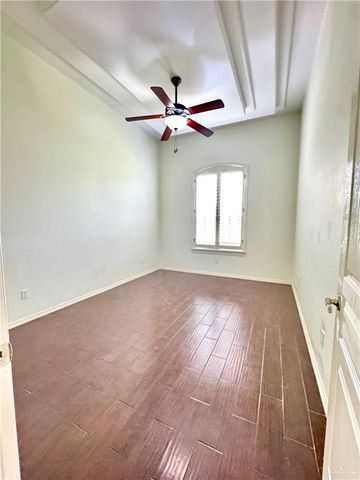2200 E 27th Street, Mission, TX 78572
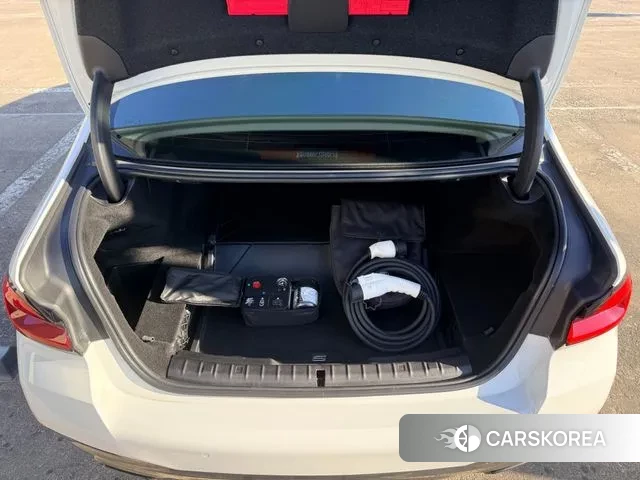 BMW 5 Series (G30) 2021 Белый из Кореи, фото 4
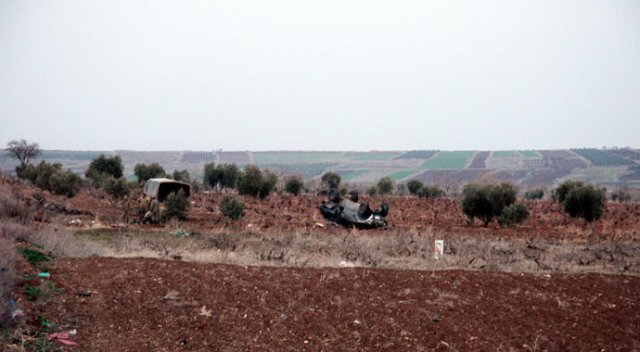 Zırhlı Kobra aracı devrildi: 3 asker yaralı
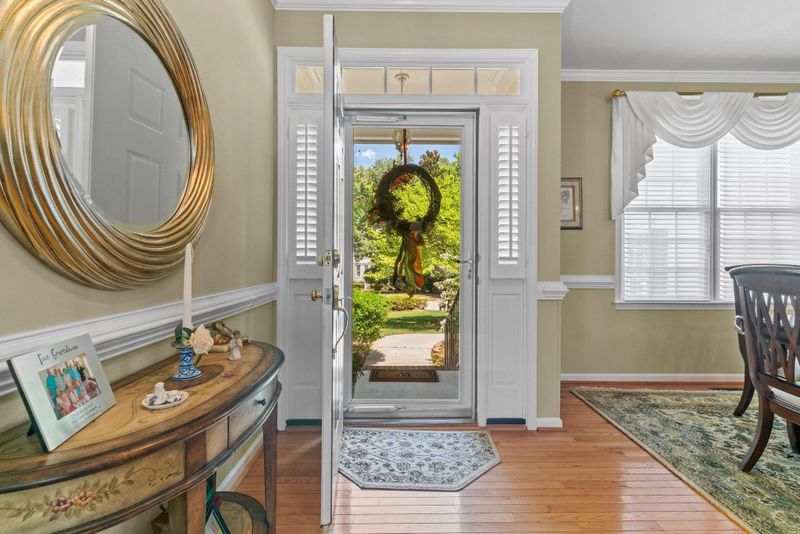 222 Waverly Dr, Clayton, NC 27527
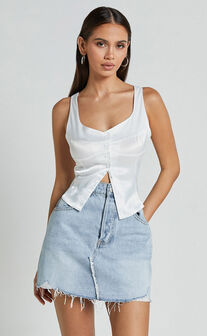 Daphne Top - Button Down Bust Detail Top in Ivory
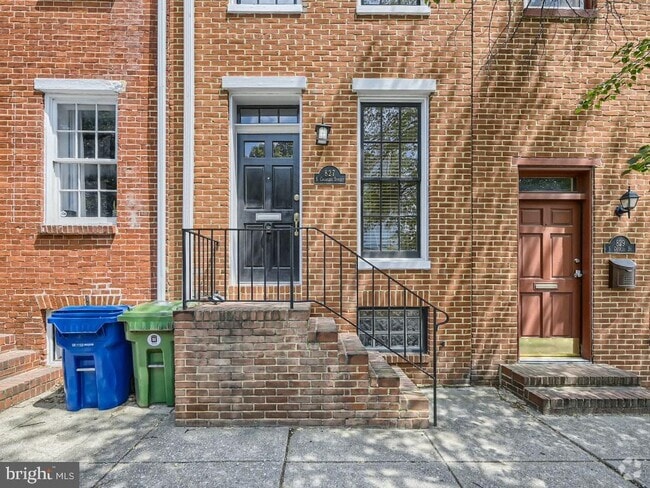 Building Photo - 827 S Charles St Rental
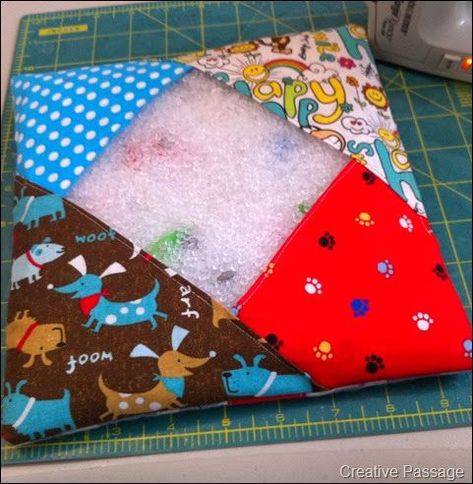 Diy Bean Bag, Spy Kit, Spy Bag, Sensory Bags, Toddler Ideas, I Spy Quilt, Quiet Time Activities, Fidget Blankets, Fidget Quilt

__________

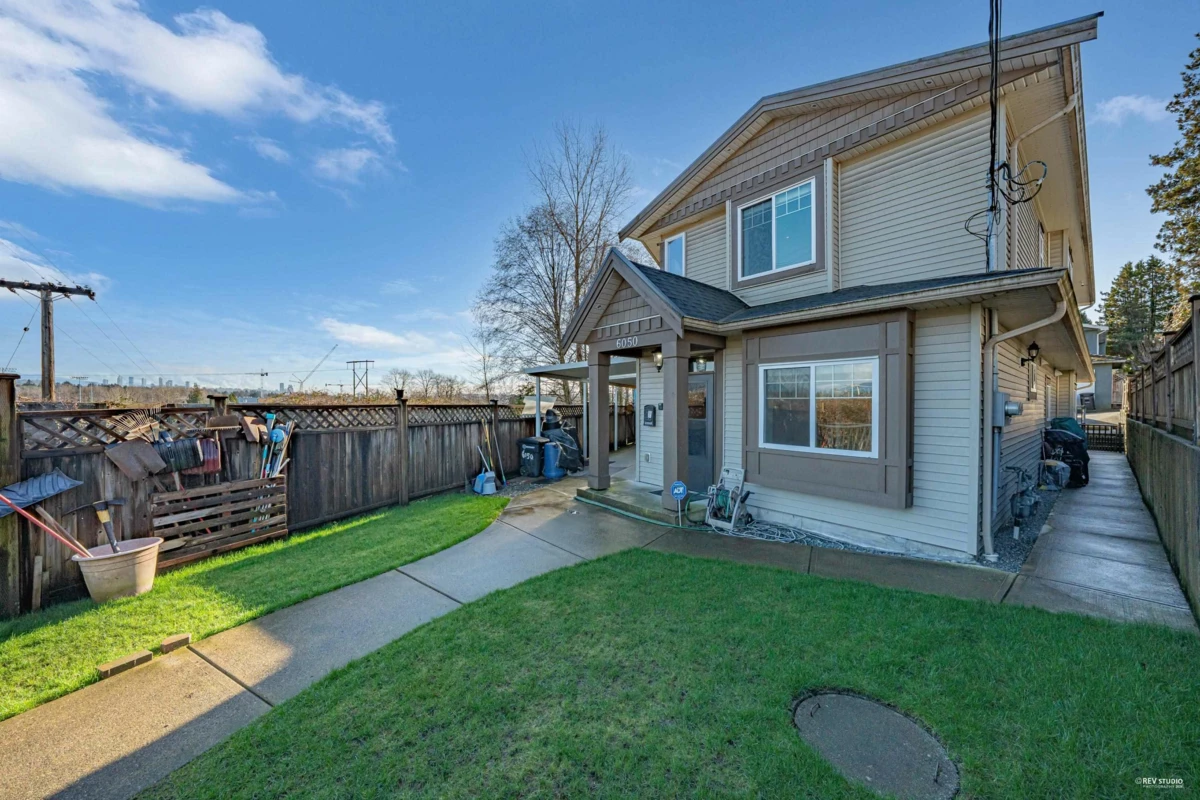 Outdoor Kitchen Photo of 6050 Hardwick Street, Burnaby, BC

__________

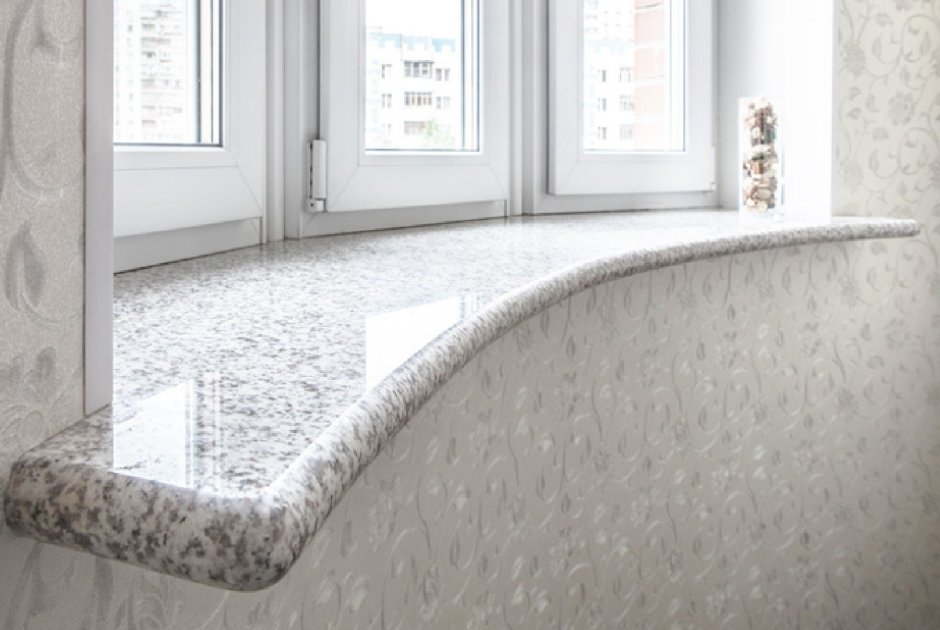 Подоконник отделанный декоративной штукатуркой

__________

■ **WHAT TO PRODUCE**: Keep to the lines above from the line with "Building Photo - 827 S Charles St Rental" to the line with "Diy Bean Bag, Spy", and set down exactly those, inclusive, with nothing else and every picture left out.

■ **REPLY TO THE EXERCISE**:
 Building Photo - 827 S Charles St Rental
 Diy Bean Bag, Spy Kit, Spy Bag, Sensory Bags, Toddler Ideas, I Spy Quilt, Quiet Time Activities, Fidget Blankets, Fidget Quilt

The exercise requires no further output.